If you plug them in for 12 months, you are most likely using up 6 years life in one year?.

 

Secondly, not one of the Mh chargers we repair shuts off when the battery is fully charged, they just drop to a lower charge rate. They are still 'Force feeding' the battery, albeit at a low rate. Not good for any battery.

A 65Ah Starter battery seems very small, all chargers have a minimum and maximum capacity, generally 70 - 200Ah is typical. Is the Starter battery less than the 220v mains chargers minimum?

 

There have been cases of inappropriate Solar Regulators wrecking batteries as many supposedly 'for Motorhomes' are not.

 

However, I suspect your battery overcharging is related to the way it is wired from the Mains charger?

In a sophisticated set up the mains charger is configured to treat the 2 batteries as completely separate entities with a different charge rate to each battery bank.

If yours is configured to just connect the two batteries together when the charger activates then you may have a 180Ah and a 65Ah battery connected as one big bank?

 

Imagine that if your two batteries were connected together, and both down at 10v? You plug in the mains charger and it starts throwing out 20amps which goes equally to both batteries. The little battery is going to charge up 3 times quicker than the big battery and then 'ask the charging system to back down the charge'. However the 180Ah battery is still down at 11v and wants lots more amps, which get sent to both batteries, boiling the small one. If the 180ah battery is past its best it may never get fully charged so continually asks for lots of amps which go to both batteries.

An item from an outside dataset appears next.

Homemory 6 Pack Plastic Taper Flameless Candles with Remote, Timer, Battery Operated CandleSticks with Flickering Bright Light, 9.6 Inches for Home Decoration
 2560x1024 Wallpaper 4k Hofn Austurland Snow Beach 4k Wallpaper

A very simplistic explanation, which varies dependent on the charging technology, but shows the issue.

 

Strange as it may seem, but the 'bad' battery may well be the 180Ah one which is continually taking power to keep it topped up. The smaller 65Ah boiled battery (which is now almost certainly past it if showing a heavily discharged 12.4v) was damaged as a side effect of the 180ah battery aging.

 

It is also possible that you have different technology batteries, i.e. the Starter is a Wet Acid battery and the 180Ah an AGM battery, with maybe the charging systems set for AGM so too high a voltage for Wet Acid?

 

This is why batteries connected together should always be the same age, technology and size.

 

Suggest you get an Auto Electrician to check out the wiring?